**Problem requirements**
Each line from the one containing "Terminal 1 opened" to the end of the data must be copied exactly, the first and last included; no other lines and no pictures belong in the copy.

*** Opening of Given entries ***

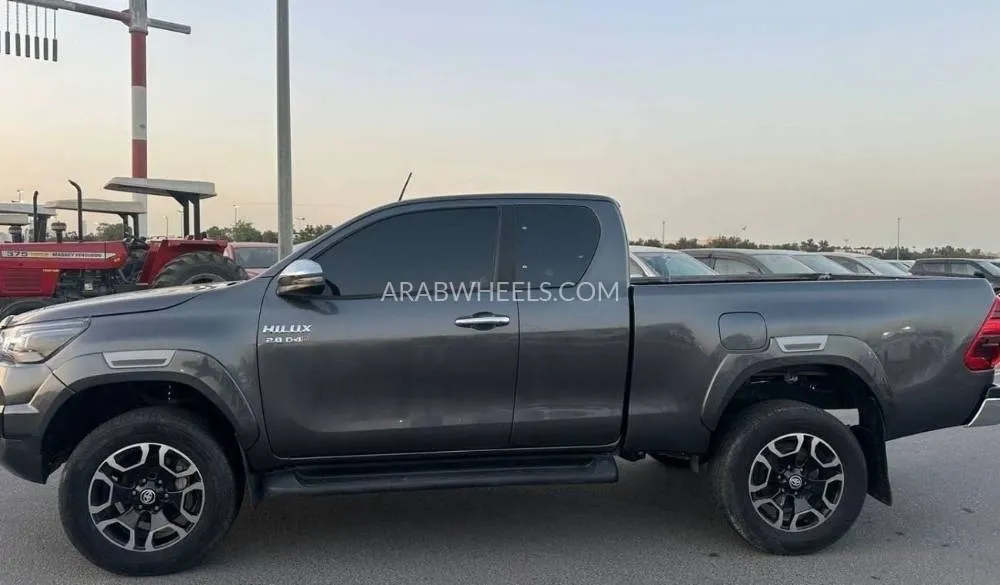 Toyota Hilux 2022 for Sale in Dubai Image-3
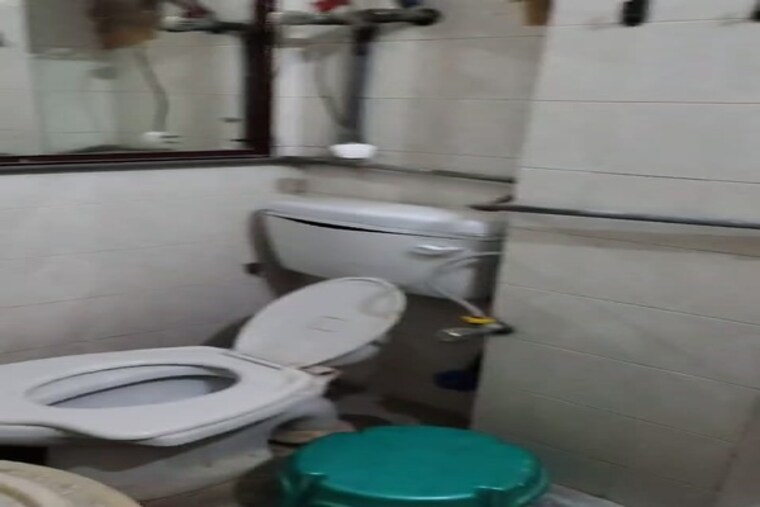 Bathroom, karol bagh 1 RK 371 Sq.Ft. Builder Floor In Karol Bagh Delhi 9394823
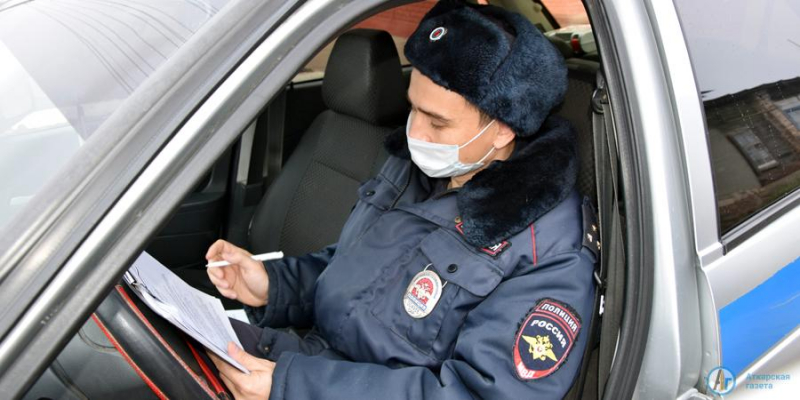 В центре Аткарска автоинспекторы искали нелегальных таксистов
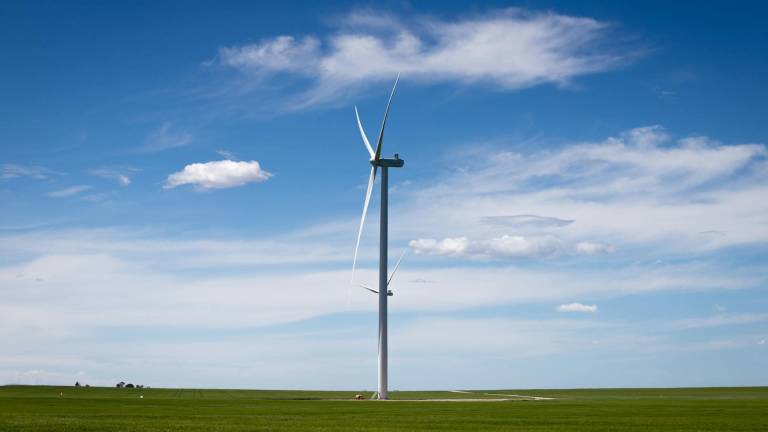 Gobierno se encamina con grupo español hacia la construcción de un parque eólico en Loja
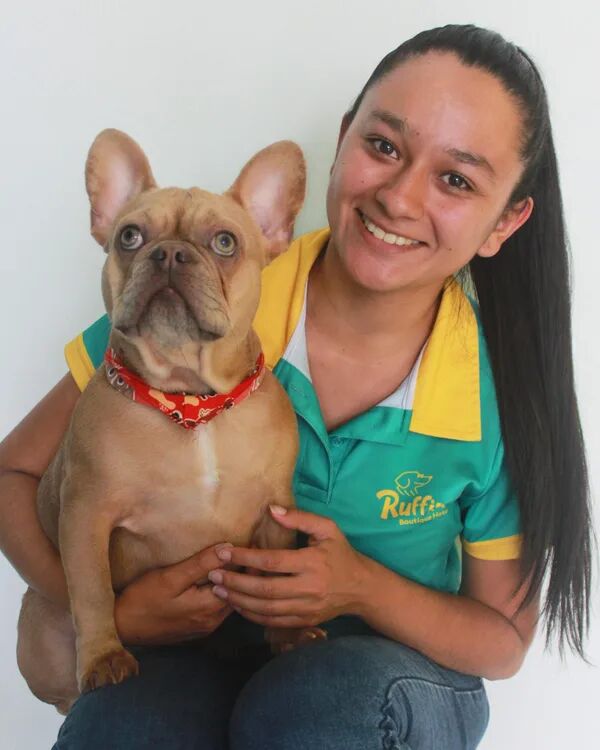 Katherine, pet sitter de Ruffinn Boutique Hotel, con un perro en brazos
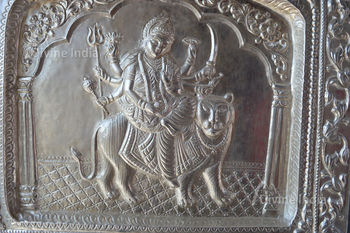 Maa Durga emboss image on main entrance gate of naina devi temple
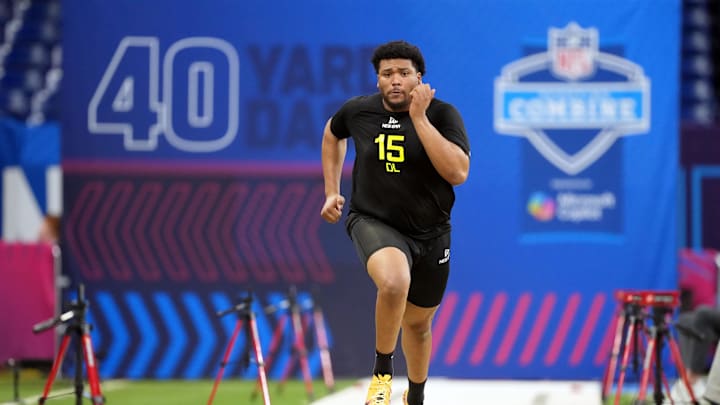 Feb 27, 2025; Indianapolis, IN, USA; Oregon defensive lineman Derrick Harmon (DL15) participates in drills during the 2025 NFL Combine at Lucas Oil Stadium. Mandatory Credit: Kirby Lee-Imagn Images Feb 27, 2025; Indianapolis, IN, USA; Oregon defensive lineman Derrick Harmon (DL15) participates in drills during the 2025 NFL Combine at Lucas Oil Stadium. Mandatory Credit: Kirby Lee-Imagn Images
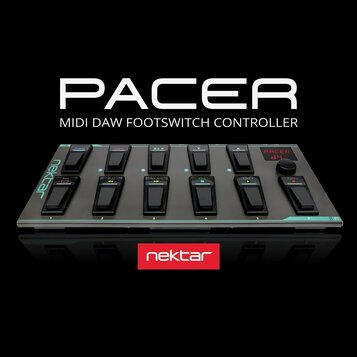 Stříbrný MIDI pedál s nápisem PACER MIDI DAW FOOTSWITCH CONTROLLER. Zařízení má deset černých spínacích tlaítek a jedno otočné kolečko, nad ním je če…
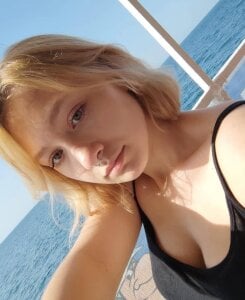 BeckyGales: Public ( 4 фото)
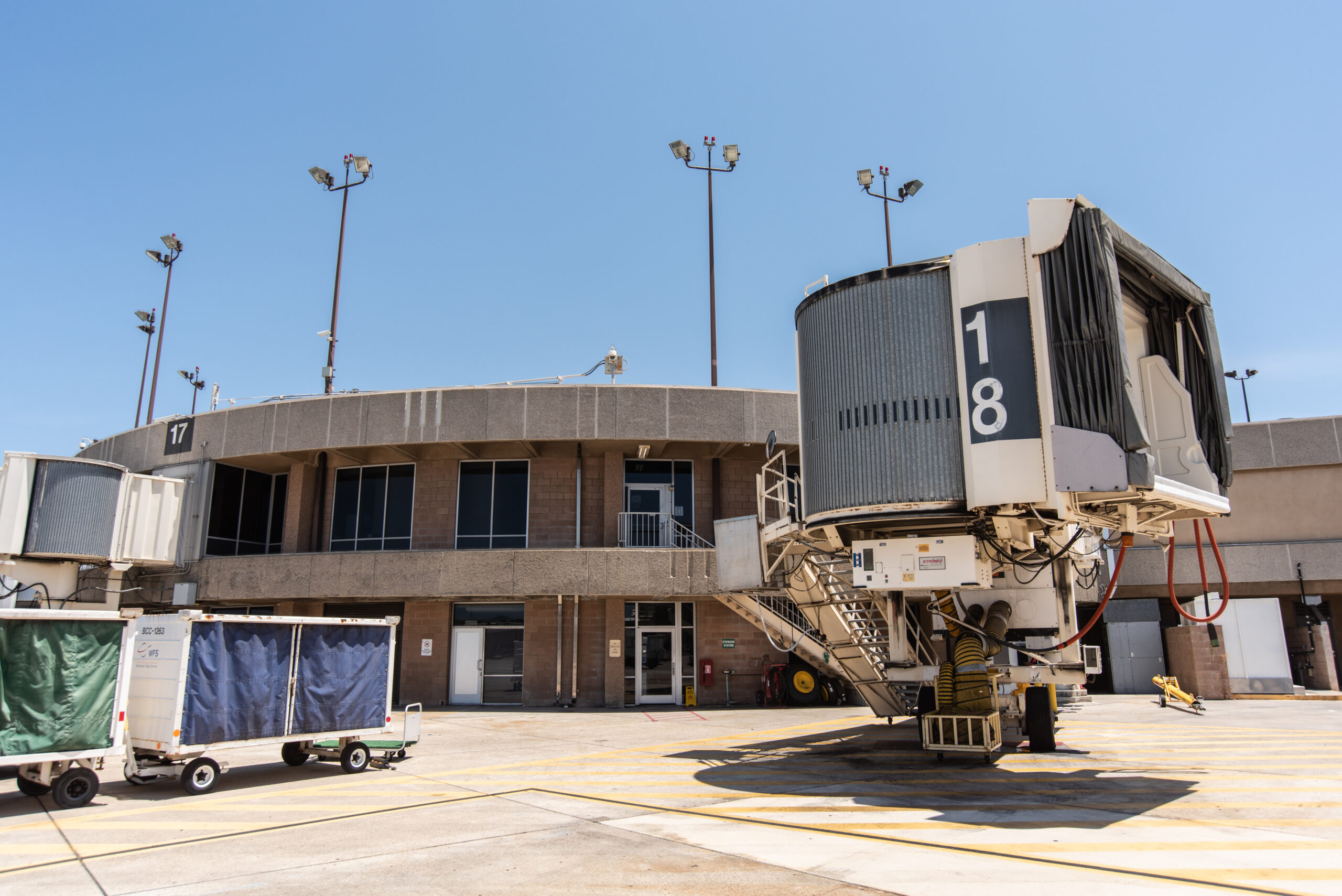 Terminal 1 opened in 1967 - Rotunda with aircraft boarding gate
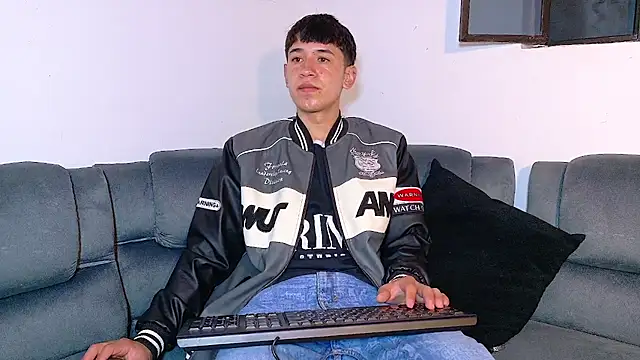 Mr daren  online show from 11/12/25, 07:07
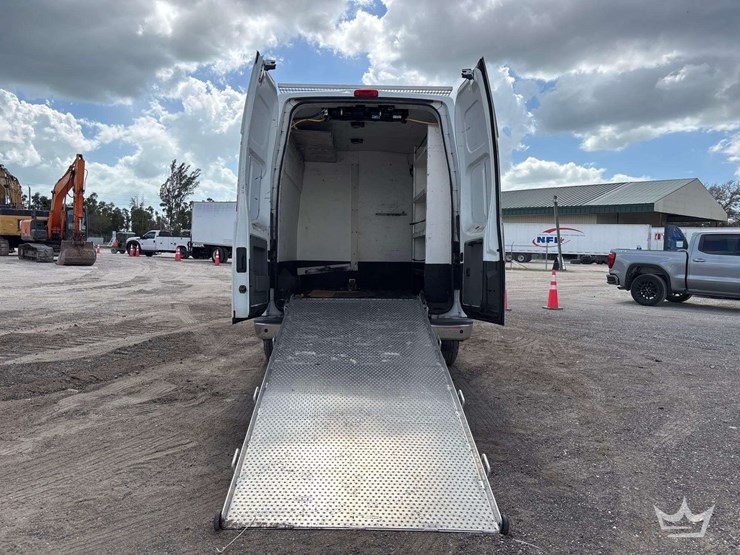 2013-nissan-nv2500hd-image-11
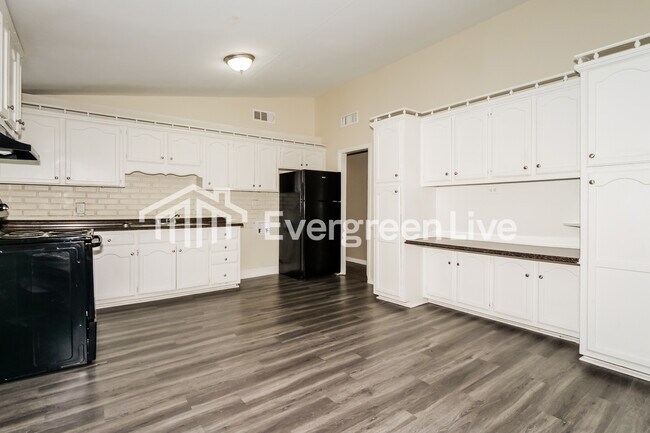 Foto del edificio - 1574 Gowan Dr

*** Close of Given entries ***

**Completed task**
 Terminal 1 opened in 1967 - Rotunda with aircraft boarding gate
 Mr daren  online show from 11/12/25, 07:07
 2013-nissan-nv2500hd-image-11
 Foto del edificio - 1574 Gowan Dr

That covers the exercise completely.